Today is my last day as a 20-something. Tomorrow I become a 30-something. In the past few weeks I've decided that 30 must be a time for self-reflection, at least for some, and a time for change. I've been meaning to post the reflections here, but I'm not sure anyone reads me since I post so sporadically, so I forgot to carve some time to blog. If I remember them again, I might post them.
1) I really don't have much to complain about. I DO complain, a lot, but really I don't have a reason to. So I can't have kids of my own. I have a niece and soon a nephew that I can play with and take care of any time I so choose. I own a house and two cars. I have a wonderful husband who loves me more than I could imagine. I have a steady job with a boss who is willing to rearrange my schedule to fit whatever I have to do - and that includes school. I'm going back to school to get a degree in a field I'm going to love. My life, while not perfect, is pretty damn good. I think it's all finally coming together.
My body is falling apart, however. That's my major complaint these days. I'm so tired of hurting all the time. I will never be pain free again. I know this and it depresses me greatly. I will settle for being in less pain, less enough that I can live my life again without worrying about the pain cost. At times I think that's too much to hope for, though. I know, I KNOW, that I couldn't handle a pregnancy at this time...if ever. The toll it would take on my spine would probably leave me paralyzed at worst...bed rest for 9 months at best. The more I learn about what's wrong with me, the more I realize that I may never be "fixed". Part of me thinks I should just suck it up and deal with it...the rest of me says "You weren't always like this...it will take a lot of time and money, but they'll get you better."
In a little less than a month, Aarons nephew and his pregnant fiancee are coming to live with us. We're having new carpet put into my den and they will be taking that room. I'm really hoping that Aarons sister is going to move out soon, so I can use THAT room as my den. I don't know what I'm going to do with all that stuff if she doesn't. There's two computer desks (one for the PC, one for the laptop/books), a hope chest, two file-style cabinets and a faux steamer trunk. Not to mention all the stuff in the closet!!
2) I think I'm okay with never having kids. Over the past several months I've really watched Fred & Wilma with their daughter. I've watched how they argue and snipe over who is going to watch her this Sunday. Fred wants Wilma to watch her while the boys are over to game; Wilma wants Fred to watch her because I'm also over and we're trying to get caught up on Gilmore Girls Season One. It isn't just Sundays either; it's every time one has something they want to do.

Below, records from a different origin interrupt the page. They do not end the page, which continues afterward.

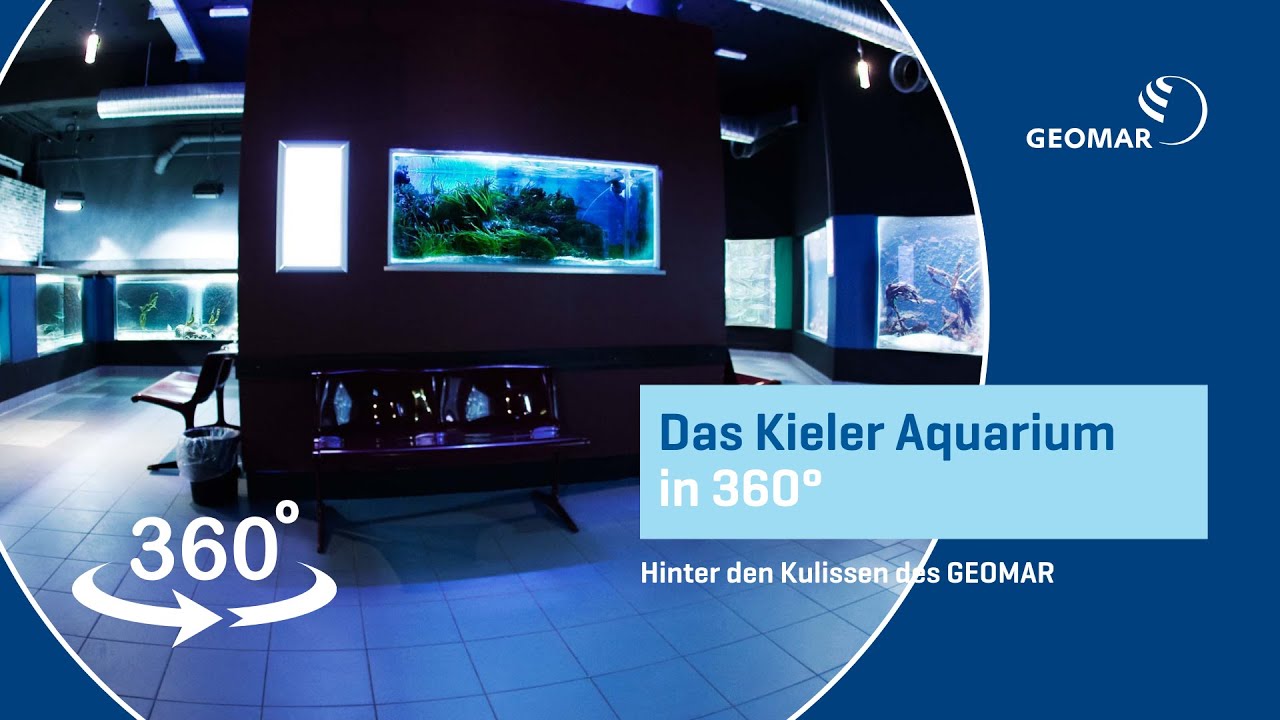 Hinter den Kulissen des GEOMAR - Das Kieler Aquarium in 360°
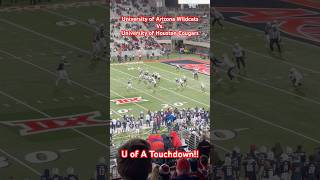 University of Arizona Wildcats Vs University of Houston Cougars HD  Tucson AZ 111524 [upl. by Sallyann]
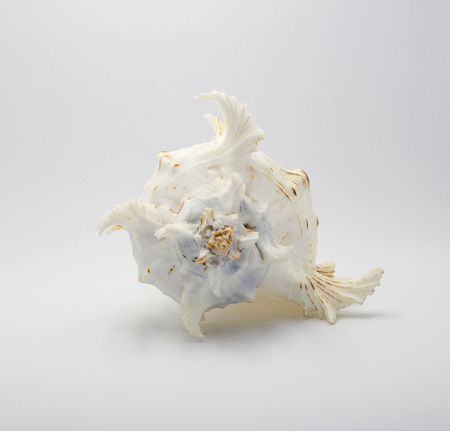 Shell use used as a decoration on white background with copy spaceの写真素材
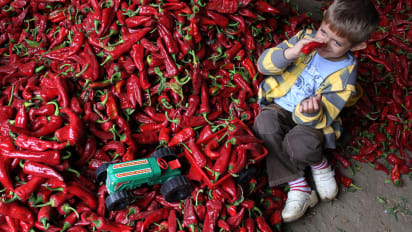 Paprika pepper plant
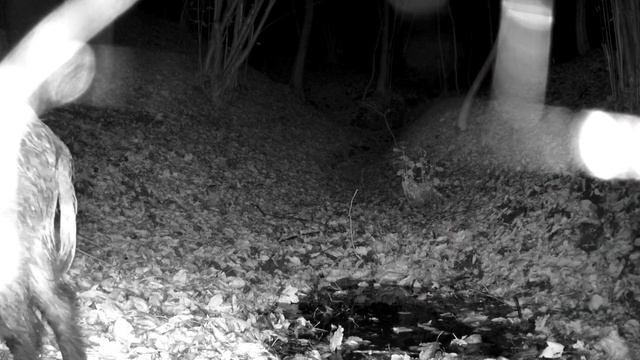 Видео фото ловушки кабаны смотреть онлайн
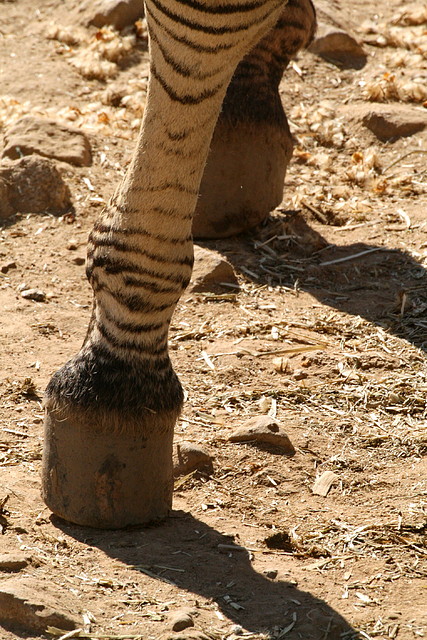 Zoo de Barcelona 18-04-11 712 Zoo de Barcelona 18-04-11 712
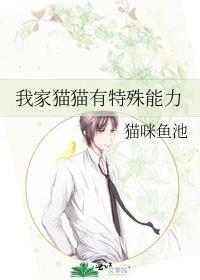 猫的特殊技能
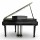 Цифровой рояль PIANOVA RG-210 Polish Black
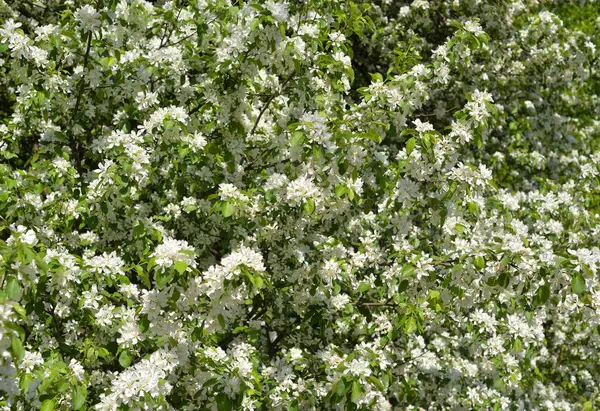 Manzano Que Florece Puede Utilizar Como Fondo —  Fotos de Stock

They also have to get a babysitter any time they want to do anything. I know all the good stuff...but I've also realized how hassle-free my life is. I don't want to argue with Aaron over who is going to watch our kid. If we want to go out on a whim, I want to go. If we want to spend money, I don't want to have to worry about how that will affect our child. I can only imagine how bad things are going to get when their son is born. I'm happy being kid-free these days. Perhaps karma knew what it was doing all along. This is NOT to say that I think those who want them and can't have them have pissed karma off at all - please, no one take it that way. I simply choose to believe that in my case, maybe it's a good thing.
Ok...time for me to sign off for now. I'm at my parents house. I surprised my dad for Father's Day, and wanted to come visit my mom. I now have to go do a few errands for mom, go see her for a few hours, and then head home again. I have p/t in the morning (Yay for pain & torture on my birthday!) so I have to head home. I hope all of you are having a wonderful week.
13 hours ago
2 comments:
Hey Tigger! Happy 30th--well, a day early! I hope your thirties bring all kinds of new and good things! "Round" birthdays are always a little disconcerting. They're the ones that really get you thinking.
And I'm so sorry to hear about the chronic pain. I can imagine how that would wear you down. (A little assvice, if you don't mind: Have you tried/considered acupuncture? It won't "cure" the problem, but I know of several people who've had relief from chronic pain after pursuing it.)
Just a thought :)
thanks Zee! The doc who gave me the injections does acupuncture. He poked me in the temple when I had a headache and in the hip to help with some crankiness down there. It helps, but after the 3rd poke in the hip I was done. It feels weird and it hurt a little. Don't need more pain! I think that if they get everything calmed down then it might be an option. :) I don't mind assvice - sometimes it reminds me of things!!